While this may be a time-consuming and tedious task, it is a crucial one if you don’t want to expose your data to hackers. They rely on outdated software to successfully carry out their phishing attacks. You can get this burden off your shoulders by outsourcing it to providers of cybersecurity services.

  • Deploy Anti-Spam and Anti-Phishing Solutions

Anti-phishing and anti-spam solutions are highly instrumental in mitigating the impact of a successful attack or even preventing a phishing attack entirely. Some sophisticated anti-phishing solutions can block suspicious emails containing malware from entering a company’s systems. Using such solutions can be extremely beneficial.

At Netlogix, for example, we help businesses avert phishing attacks by deploying an advanced AI-powered anti-phishing and anti-spam solution, Barracuda Sentinel. It offers the following robust protections:

  • Real-time spear phishing and cyber fraud defense
  • Domain fraud visibility and protection
  • Protection against account takeover and insider risk
  • Automated incident response
  • Prevent future attacks with real-time forensic analysis

  • Protect Your Network

Regardless of how much you train your employees, it is still likely that someone will end up clicking on a malicious link sometime. You don’t want to wait until that happens and then act. You want to take preventive measures in advance by running a centralized filtering solution that not only contains the aftermath, but also strengthens your network security

This means installing a central firewall that governs and protects your network, and filters malicious websites. It will also help prevent your employees from accessing these sites, while sending out alerts if a security incident takes place. 

  • Enforce a Potent Password Policy 

It is highly likely that once a hacker has the usernames and passwords used on your systems, he/she will try to use these credentials in as many places as possible. This can be a major problem if you or your employees are in the habit of using the same credentials on multiple platforms. The hacker will be able to gain access to all those accounts. 

To prevent such a scenario, enforce a powerful password policy and formulate a system that prevents anyone from bypassing it. For example, make it mandatory for all employees to change their password to a unique one every 90 days. Employees who do not abide should not be allowed access to their accounts. Zero-compromise password policies can spare your business several potential security issues.   

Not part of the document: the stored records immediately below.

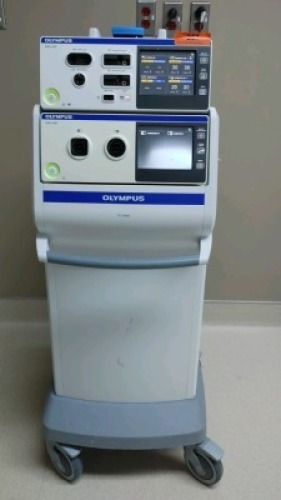 OLYMPUS TC-E400 ENDOSCOPY CART TO INCLUDE ESG-400 ELECTROSUGICAL UNIT, USG-400 ULTRASONIC GENERTOR, OLYMPUS WB504 FOOT CONTROL, OLYMPUS WB50403W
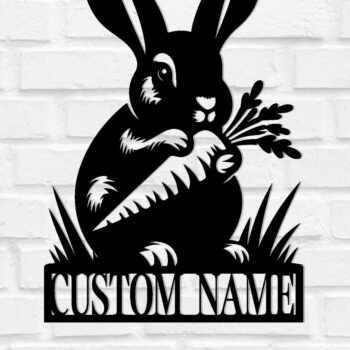 Intra απο ξύλο plywood 3mm-4mm πάχος – Μεταλλικό σημάδι όνομα κουνελιού Δίασταση  20x20 cm INTRAFABR-114316445 - Image 1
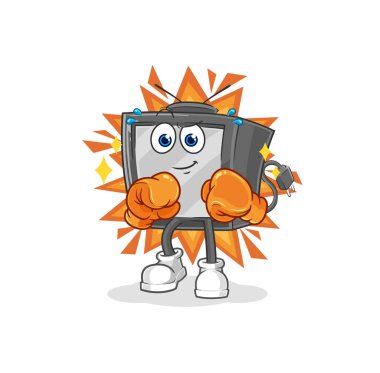 Eski TV boksörü karakteri. karikatür maskotu vektosu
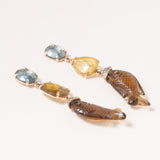 Kyanite, Tourmaline, Hand Carved Honey Citrine Fish, 14K Gold & Diamond Pave Earrings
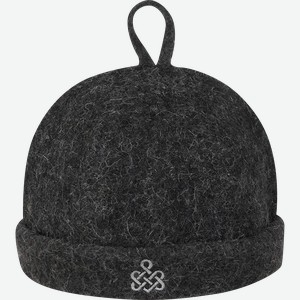 Шапка для бани и сауны ГЛАВБАНЯ Докер, серый войлок с вышивкой, Арт. Б401619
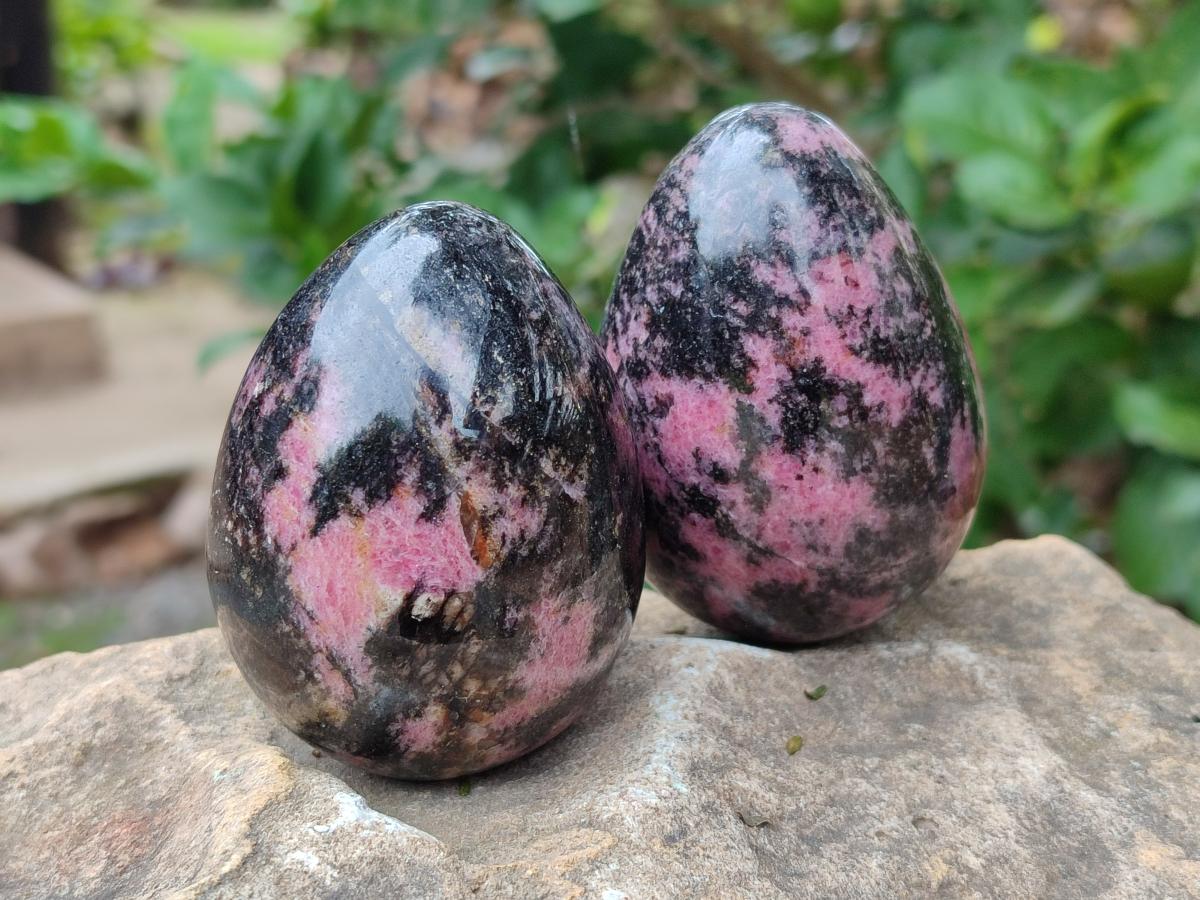 Polished Rhodonite Gemstone Eggs x 4 From Ambindavato, Madagascar - Toprock Gemstones and Minerals 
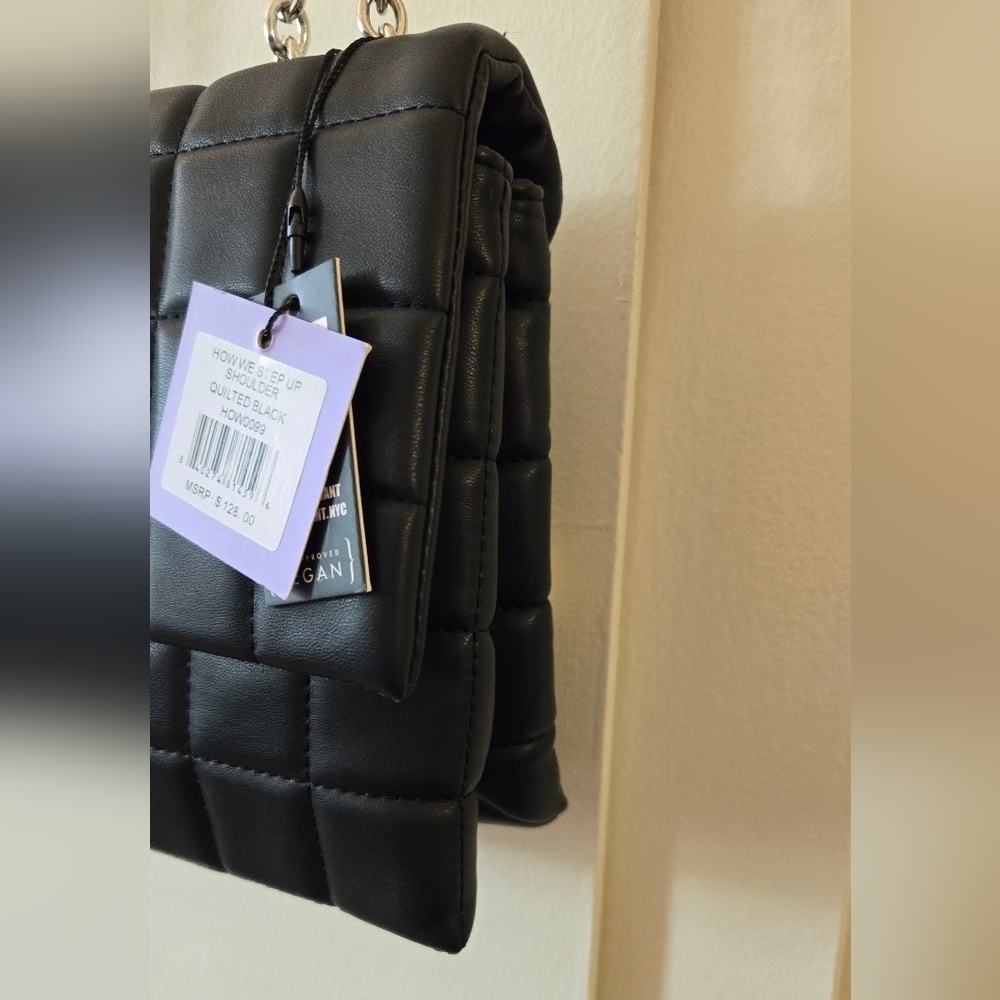 House of Want Black Vegan, Quilted Shoulder Hand Bag NWT - Picture 5 of 14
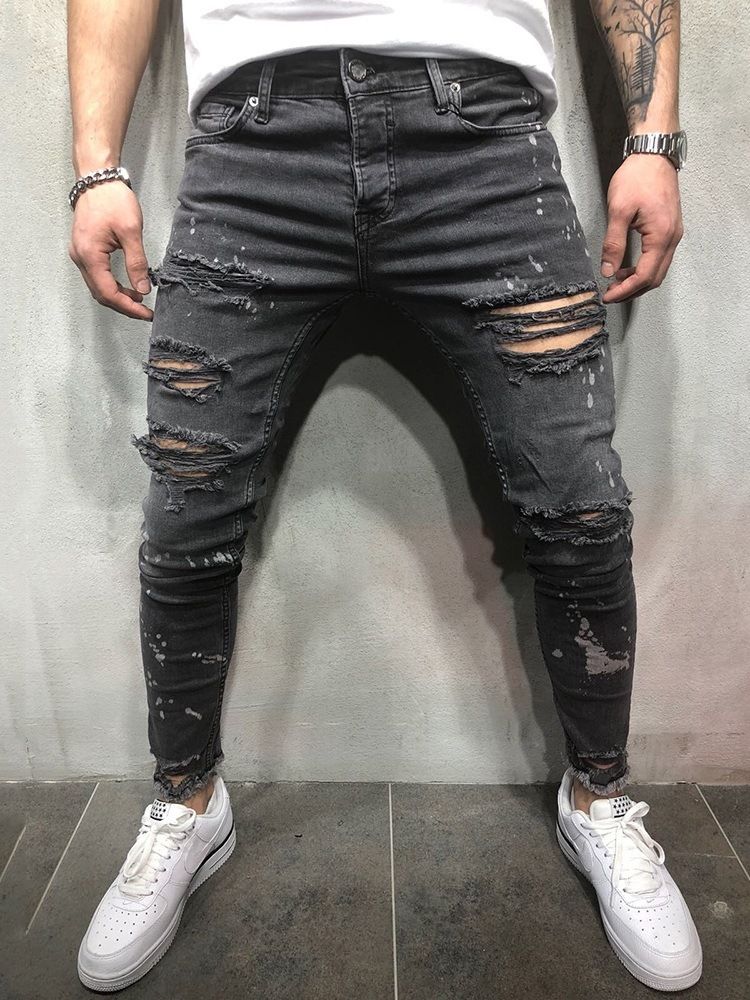 Pencil Hole Plain Casual Mid Waist Jeans For Menn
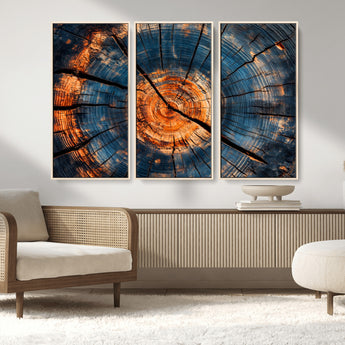 81894502-MGV-FC-48X32-3P_Natural-Burnt Wood Wall Art Canvas Print, Framed Aged Timber Art Picture Print, Rustic Tree Slice Perfect Rustic Decor Artwork for Home,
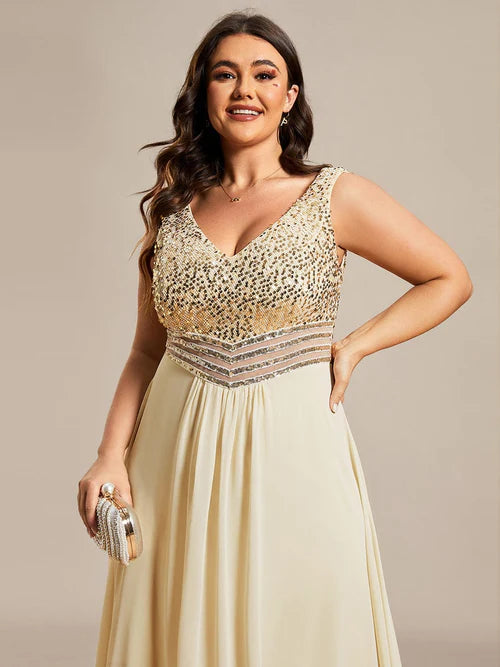 Sexy slim fitting elegant high and low Maxi chiffon sequin evening gown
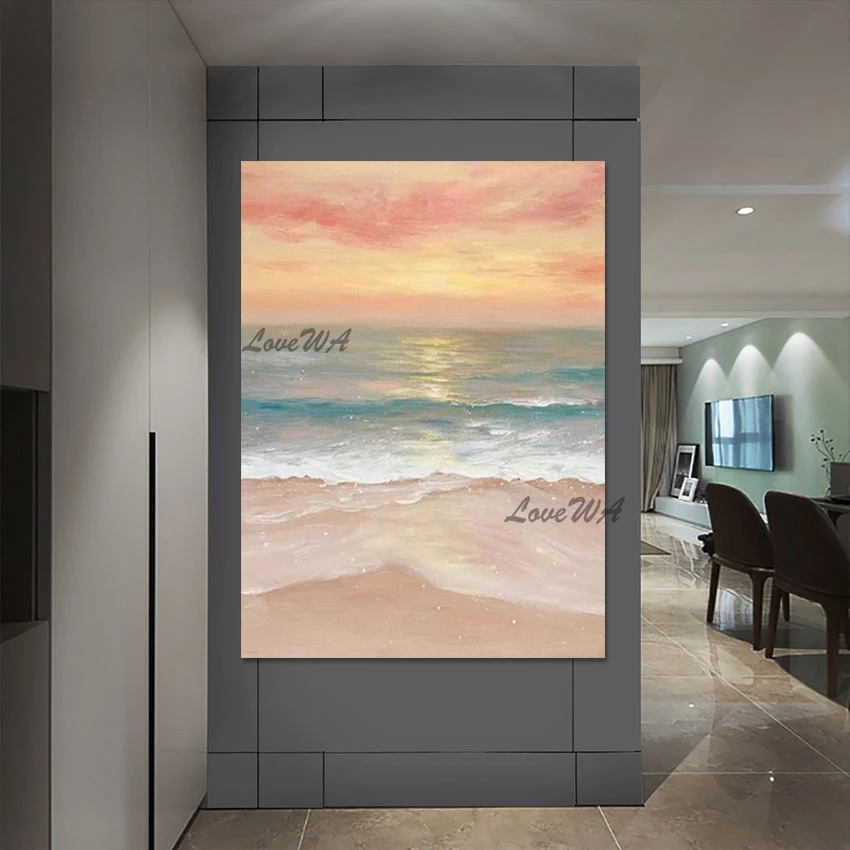 Beautiful Sunrise By the Sea Modern Handmade Abstract Painting, Custom Artwork, Home Decor, Canvas Wall Art, Picture for Hotel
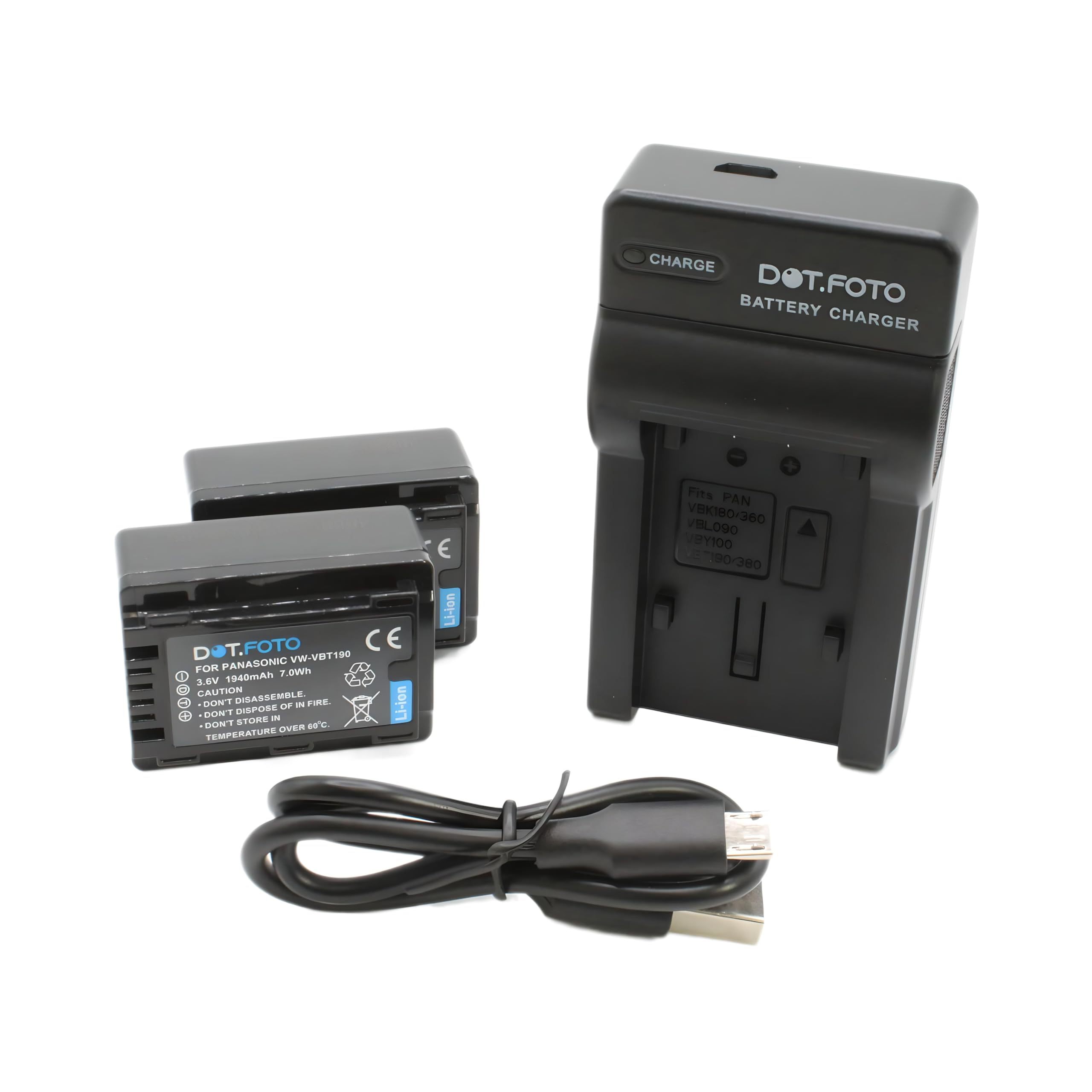 VW-VBT190 Premium 1940mAh Batterie (x2) & Chargeur de Batterie USB pour Panasonic HC-V110, HC-V130, HC-V160, HC-V180, HC-V201, HC-V250,HC-V260,V720 V750 V770 V777 VX870 VX980 VX989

  • Isolate Critical Components 

As far as possible, try to isolate the critical components in your business infrastructure. Keep certain systems completely offline, aside from some of the critical connections to the central infrastructure. 

Not all your employees need access to the database that contains your financial data or customer information. Similarly, if you have a centralized backup solution, not every employee will need access to the backup server. Provide access only to those who absolutely need it to get their job done. 

So, even if a hacker infiltrates your network, he/she will gain very limited access to your systems and will not be able to cause your business much damage. Consult a cybersecurity services provider about this kind of an arrangement.


While cybersecurity tools and technologies have advanced, so have phishing techniques. No business, whether small or big, is actually safe from hackers. Since prevention is better than cure, it makes sense to put certain powerful measures in place as soon as possible to prevent such attacks or at least minimize the damage they can cause. Hopefully, the above few tips will help you secure your systems and network from phishing attacks, while warding off hackers and other malicious intents.